Début mai, sur le plateau d’un chaîne TV émiratie et dans un contexte de tensions entre l’Algérie et les Emirats arabes unis, l’historien, aujourd’hui incarcéré, avait accusé tamazight d’être une création « franco-sioniste ».
En réaction à cette sortie qui avait fait grand bruit en Algérie, la Télévision algérienne avait traité Mohamed El Amine Belghit de « marchand d’idéologie » et les Emirats de « micro-Etat artificiel ».
Dans cette affaire, le député du MSP avait reproché aux médias publics, qualifiés de « tribunaux médiatiques », leur traitement, provoquant une réaction virulente du ministre Mohamed Meziane. Ce dernier avait fustigé les « propos déplacés » du parlementaire et son ignorance des mécanismes institutionnels.
Le ministre avait défendu la télévision publique comme simple « relais d’informations judiciaires », dénonçant une « vision erronée et populiste du rôle » de ce député.
Le député s’explique et se défend
Face à la polémique, Rachid Cherchar s’est expliqué sur le même réseau social. « Quant à ceux qui croient que nous sommes contre la philosophie en tant que science ou pensée, il semble qu’ils aient mal compris ou n’aient pas pris en compte l’intention du message incluant le terme « sujet ». Autrement, aucune personne sensée ne pourrait même dire à un intellectuel, un universitaire ou un chercheur que nous, représentants du peuple et hommes politiques, sommes contre la philosophie », a-t-il dit.
Le parlementaire estime que les programmes d’enseignement de la philosophie en Algérie ont en fait une « matière de bachotage, obligeant les élèves à mémoriser des dizaines d’articles philosophiques afin de réussir divers examens, le plus important étant celui du baccalauréat ».
La nouvelle polémique autour de la philosophie révèle, en creux, un affrontement entre deux conceptions de l’éducation et de la société. D’un côté, ceux qui prônent une formation intellectuelle ouverte, tournée vers le questionnement critique et la pensée complexe. De l’autre, la tendance, essentiellement issue du milieu islamo-conservateur, qui voit dans la philosophie une matière subversive susceptible de remettre en cause leur idéologie.

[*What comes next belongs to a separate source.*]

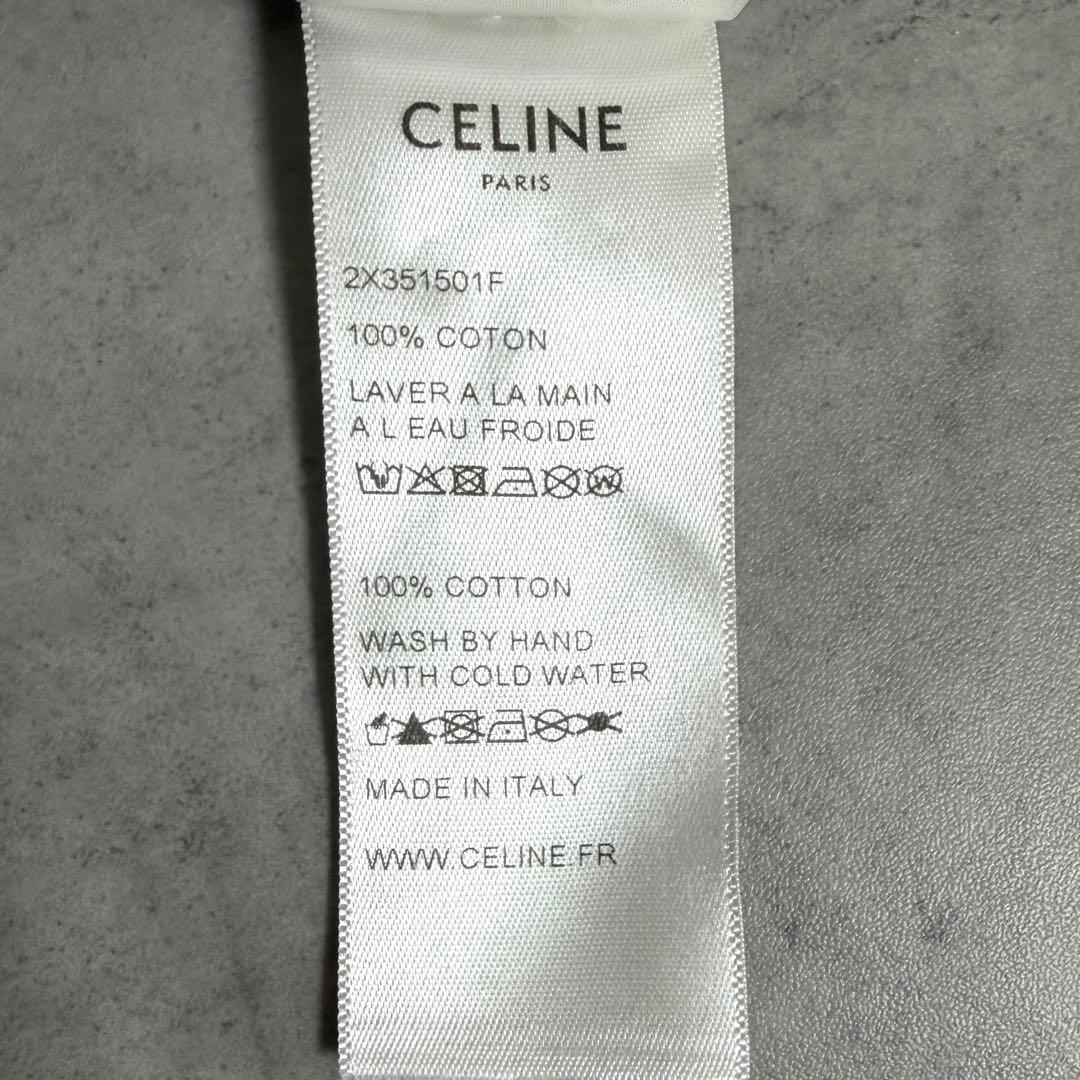 【CELINE】セリーヌTシャツ ホワイト ゴールド刺繍 ロゴ イタリア製S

Mais au-delà de cette controverse ponctuelle, elle soulève la question sur le niveau intellectuel de certains représentants de la nation, prisonniers de dogmes idéologiques, à un moment où le pays, en pleine mutation, a plus que jamais besoin de citoyens formés à l’esprit critique — clé de la réussite, de l’innovation et de la modernisation. Un impératif national pour espérer rivaliser avec les nations les plus avancées.